In the entries below, find the line with "Opel Signum Air intake hose/pipe 329788454" and the line with "Donald Trump durant", then retype both and everything between them exactly. Do not copy the pictures.

START Information supplied

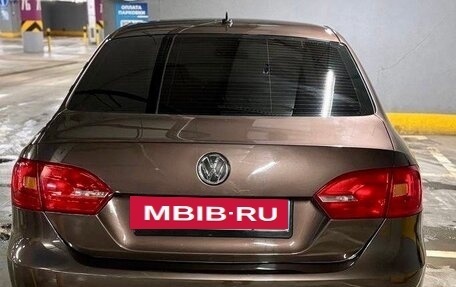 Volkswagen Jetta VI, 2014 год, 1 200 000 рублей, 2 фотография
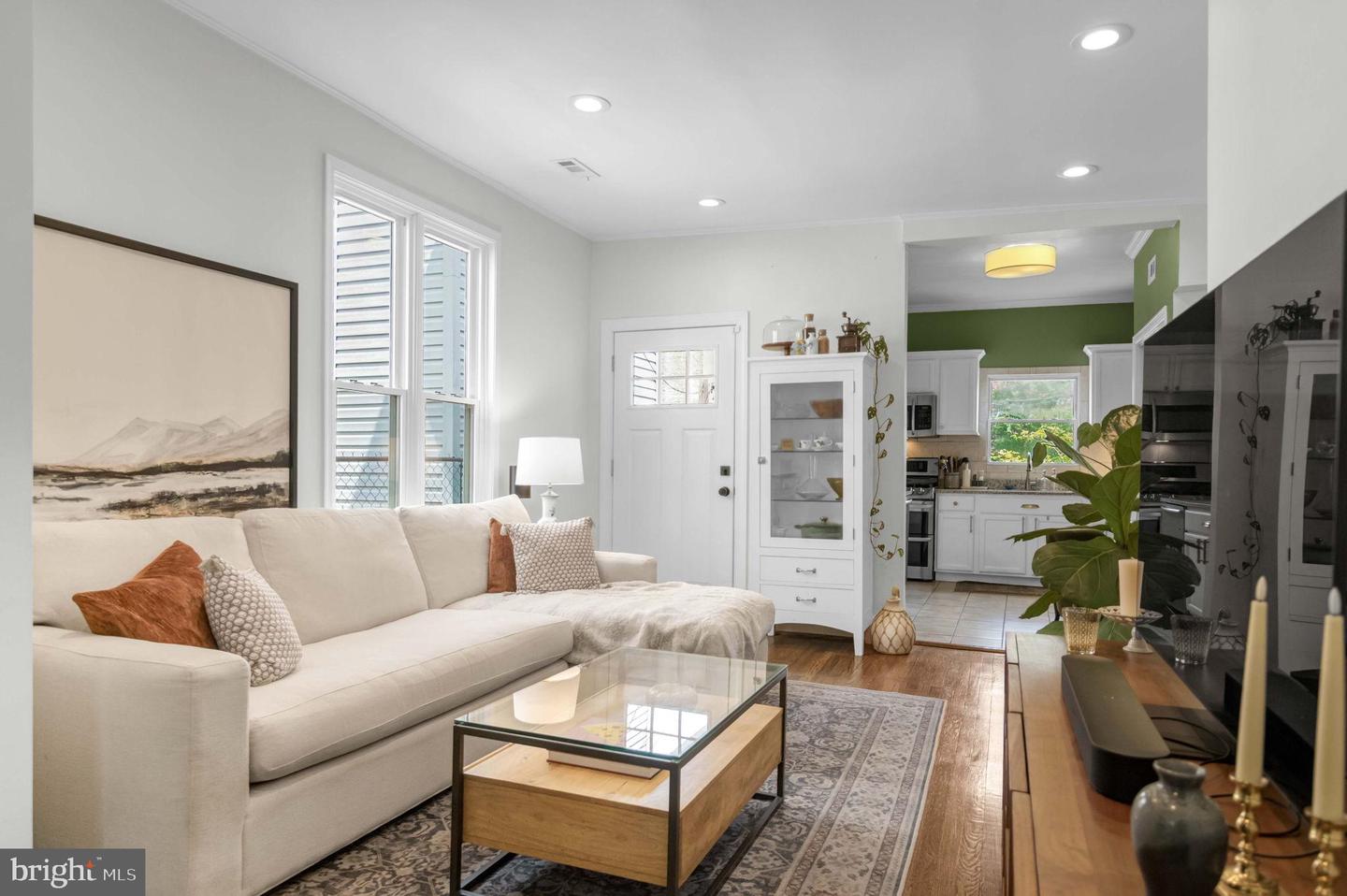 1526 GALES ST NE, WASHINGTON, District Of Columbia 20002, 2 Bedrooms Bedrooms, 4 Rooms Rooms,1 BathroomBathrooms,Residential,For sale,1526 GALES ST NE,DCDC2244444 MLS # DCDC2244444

END Information supplied
START Information supplied

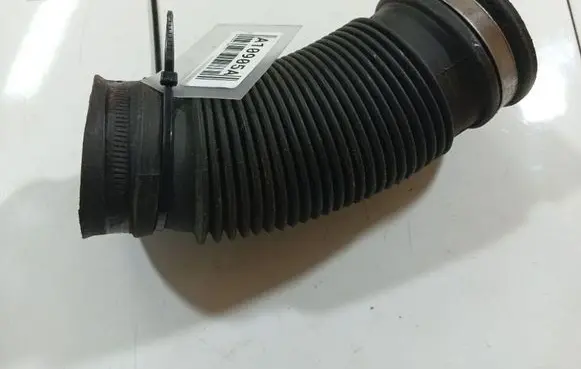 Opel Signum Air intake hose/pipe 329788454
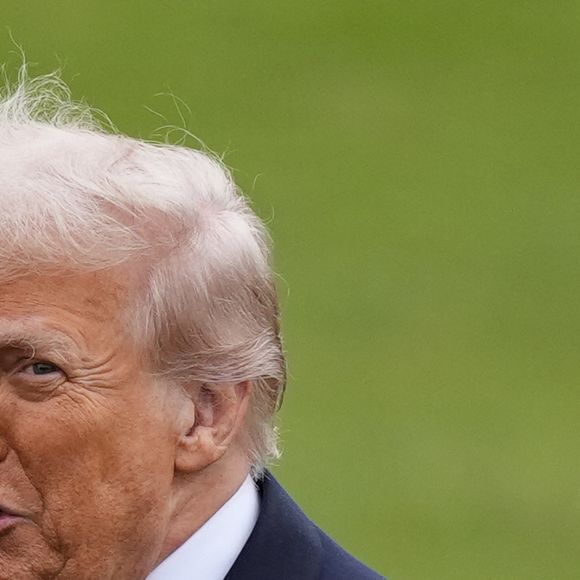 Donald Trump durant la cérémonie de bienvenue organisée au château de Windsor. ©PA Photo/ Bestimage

END Information supplied
START Information supplied

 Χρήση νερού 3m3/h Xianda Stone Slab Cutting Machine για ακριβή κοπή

END Information supplied

## Problem solution
 Opel Signum Air intake hose/pipe 329788454
 Donald Trump durant la cérémonie de bienvenue organisée au château de Windsor. ©PA Photo/ Bestimage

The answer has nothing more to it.